** Opening Data block **
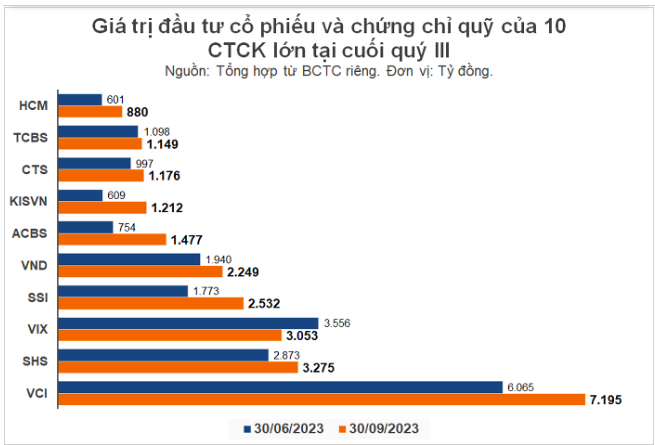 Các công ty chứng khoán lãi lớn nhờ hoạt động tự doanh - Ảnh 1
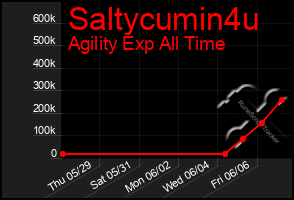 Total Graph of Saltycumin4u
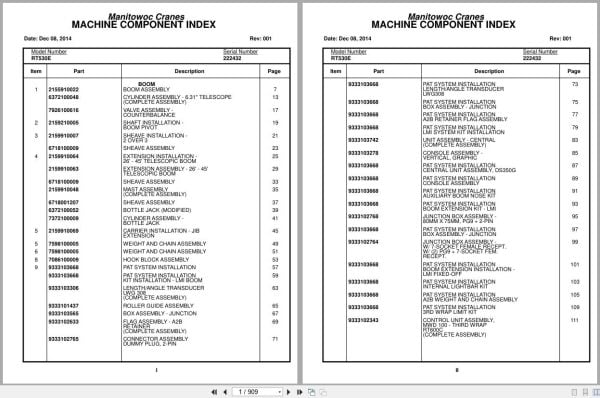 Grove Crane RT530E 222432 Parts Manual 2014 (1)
** Closing Data block **
Your objective – Leave the pictures out. Otherwise, output the listing above exactly.

Solution to this exercise –
 Các công ty chứng khoán lãi lớn nhờ hoạt động tự doanh - Ảnh 1
 Total Graph of Saltycumin4u
 Grove Crane RT530E 222432 Parts Manual 2014 (1)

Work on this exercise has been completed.